Yeni Oluşum Sürecinde Balkanlar ve Orta Doğu

YENİ OLUŞUM SÜRECİNDE BALKANLAR
1.YUGOSLAVYA SOSYALİST FEDERAL CUMHURİYETİ’NİN DAĞILMASI
«   Dünya Savaşı′ndan sonra kurulan Yugoslavya, Sırbistan, Hırvatistan, Bosna-Hersek, Slovenya, Makedonya ve Karadağ′dan oluşan federal bir devlet idi. 1980′de Tito′nun ölümü ile cumhuriyetler arasındaki ilişkiler bozulmaya başladı.
«   Temmuz 1989′da Slovenya Parlamentosu bağımsızlığını ilan etti. Bunu Hırvatistan izledi. Bu iki gelişme Yugoslavya parçalanma sürecini hızlandırdı. Mart 1991′de Sırp-Hırvat çatışmaları başladı. Haziran 1991 ′de Yugoslav (Sırp) ordusu Slovenya′ya girdi. 8 Eylül 1991′de ise Makedonya bağımsızlığını ilan etti.

Bosna′da Bağımsızlık İlanı ve Savaşın Başlaması

27 Kasım 1991′de Bosna-Hersek′in bağımsızlık ilanı ile Yugoslavya′yı oluşturan 6 cumhuriyetten Sırbistan ve Karadağ dışındaki 4′ü bağımsız oldu. Aralık 1991′de, Bosna Hersek′teki Hırvat ve Boşnaklar, bağımsız bir devlet olarak tanınmalarını istedi. Buna karşılık Bosnalı Sırplar da kendi bağımsızlıklarını ilan etti.
Avrupa Topluluğu, Slovenya ve Hırvatistan ve Bosna Hersek′i tanıdı. Bosna-Hersek′te Müslüman Boşnaklar ve Hırvatlarla, Bosnalı Sırplar arasında artan gerginlik Mart 1992′de çatışmaya dönüştü.
Bosnalı Sırplar, Yugoslavya Devlet Başkanı Slobodan Miloseviç′in desteği ile Bosna-Hersek′te etnik arındırma çalışmalarına başladı. Bosna Sırp Cumhuriyeti Başkanı Radovan Karadziç ve General Ratko Mladiç′in öncülüğündeki Sırplar, Bosna-Hersek′teki Boşnak ve Hırvatları acımasızca katletmeye girişti.

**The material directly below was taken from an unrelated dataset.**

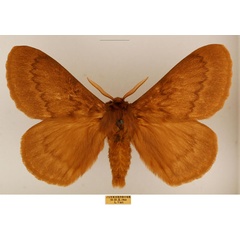 /filer/webapps/moths/media/images/V/valida_Phyllalia_AM_TMSA_02.jpg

NATO Sırplara Karşı Devrede
NATO, Sırp saldırılarını önlemek üzere 10 Temmuz 1992′de Adriyatik Denizi′ne donanma göndermeyi kararlaştırdı. Yugoslavya′nın AGİK üyeliği askıya alındı. NATO Akdeniz Daimi Kuvveti, 15 Temmuz 1992′de Adriyatik Denizi′ne giderek Yugoslavya′ya uygulanan ambargoyu kontrole başladı.
Sırp saldırıları uluslararası diplomatik çabalara rağmen durmadı. ABD′nin girişimleri ile bir araya gelen Boşnak ve Hırvat liderler, Mart 1994′te iki kesimli bir federasyonu öngören bir anayasal metni imzaladı. Türkiye, Bosna Hersek′te bulunan BM Barış Gücü′ne bir askeri birlik ile katılarak Temmuz 1994′te Zenica′ya yerleşti.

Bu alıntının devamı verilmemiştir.